José: For me line is an important means to visualize space: both the vertical and the horizontal are needed, yet it is the horizontal line that predominates through the painting process.
Line pulls the image out, to the sides, lengthwise, opening up to a place that can breathe. This sense of space is full of movement and rhythmic construction, and is very different from that of perspective drawing.
The vertical lines are there, as you say, and create the structure or framework on which the horizontals walk their own rhythm. The vertical line also returns in the shape of aligned horizontal lines. And thus the dialogue ensures: between vertical and horizontal, structure and freedom, form and space.
Brent: Could you talk about this ‘different space’ a little more?

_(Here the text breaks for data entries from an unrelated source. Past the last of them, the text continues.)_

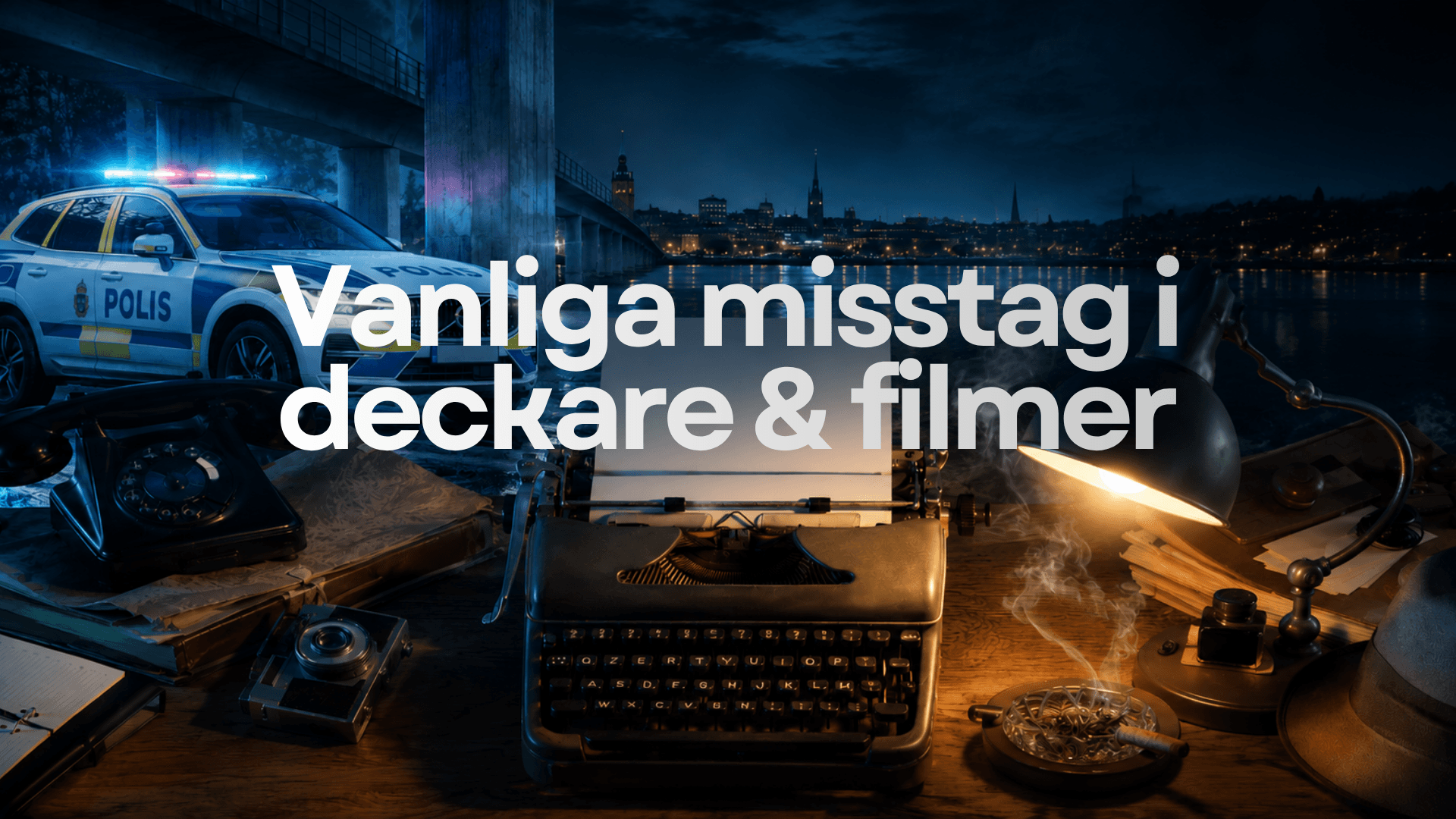 Vanliga misstag i deckare & filmer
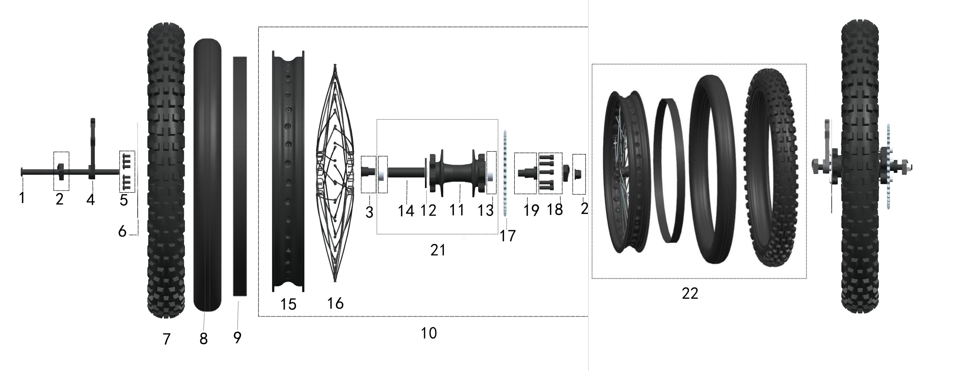 REAR WHEEL ASSEMBLY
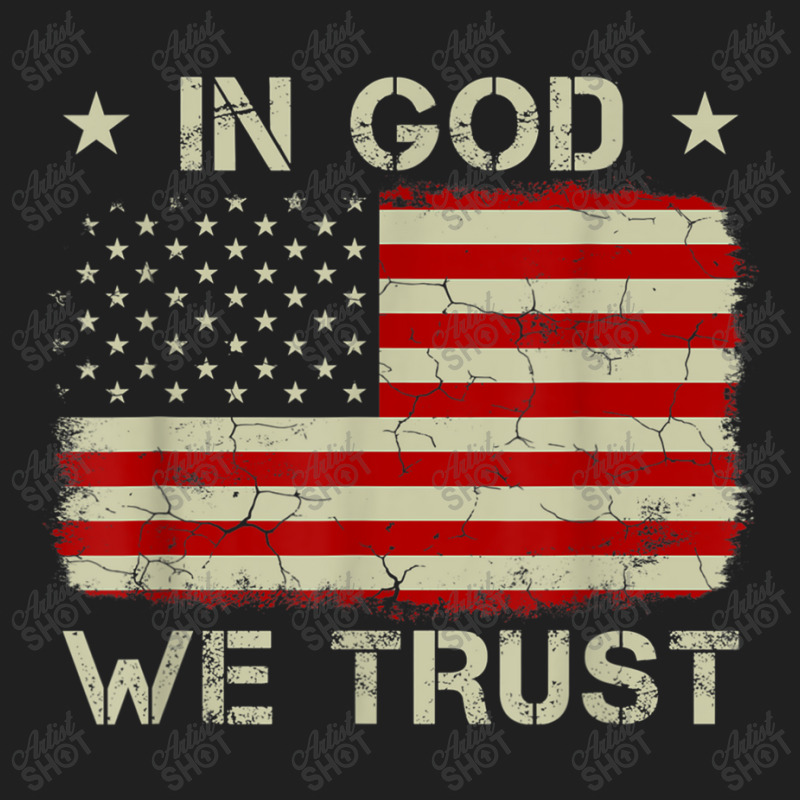 Vintage Old American Flag In God We Trust Christian Vintage Ladies Polo Shirt by Aria-Proctor | Artistshot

José: Here I mean the difference of experiencing space, how it feels, not space itself. In the horizontal space I feel nature, breath, open air, rest and equivalence. The horizontal follows the basic line of the horizon–you can almost imagine lying down in it.
In the painting the underlying vertical structure sets the scale, suggesting places where the horizontal line/space can start and end, and restart. The perspective space is another emotion; it pulls your sight into depth and demands focus.
Horizontal space and perspective space each ask for their own way of looking. When looking at a row of trees I follow them horizontally. To figure which tree has the thickest branch I need to look at the form of each tree in that row.
Brent: Interesting what you say about this demand for focus with perspectival space. With perspective the logic of the picture is set, you find a central focus, and that pushes you along. Working as you do there is no fixed point, instead the color structure takes its place. After scanning one of your large-scale canvases, there is no singular way to get to know the work. It seems you need to follow the drift instead of honing down on the painting as some fixed thing. Of course, working the grid non-objectively releases the viewer from thinking in terms of space generated by the rule of perspective, though, as imaginations do run, one is still wanting to understand the experience in some logical and spatial sense. Yet you are denied the information needed to wrap things up into a tidy experience. And I wonder, within these planes of your working, where does it lead us, and if no place real, where do we acquiesce?
José: When you work the grid ‘non objectively’ the focus is not on a certain point in the distance but on the line and color, how the eye follows and reads the arrangement. I work two or more layers that sit close to the front of the canvas. It’s not necessarily a flat space, but more of a shallow space where everything operates close to the surface. And this carries through over the whole canvas.
I have focused on talking about space, which is very important, but it needs to be said that space is actually just one aspect of the work. As a painter the focus is on the whole process of painting, including the concentration of line, its length, the width, the right dose of rhythm and repetition, and the color. Every color has its light, its space, its distance and energy; each color is not alone but rather responds to the next. It’s a search for color, space, light–and, as mentioned, it’s not a completely formulated thing, but a discovery.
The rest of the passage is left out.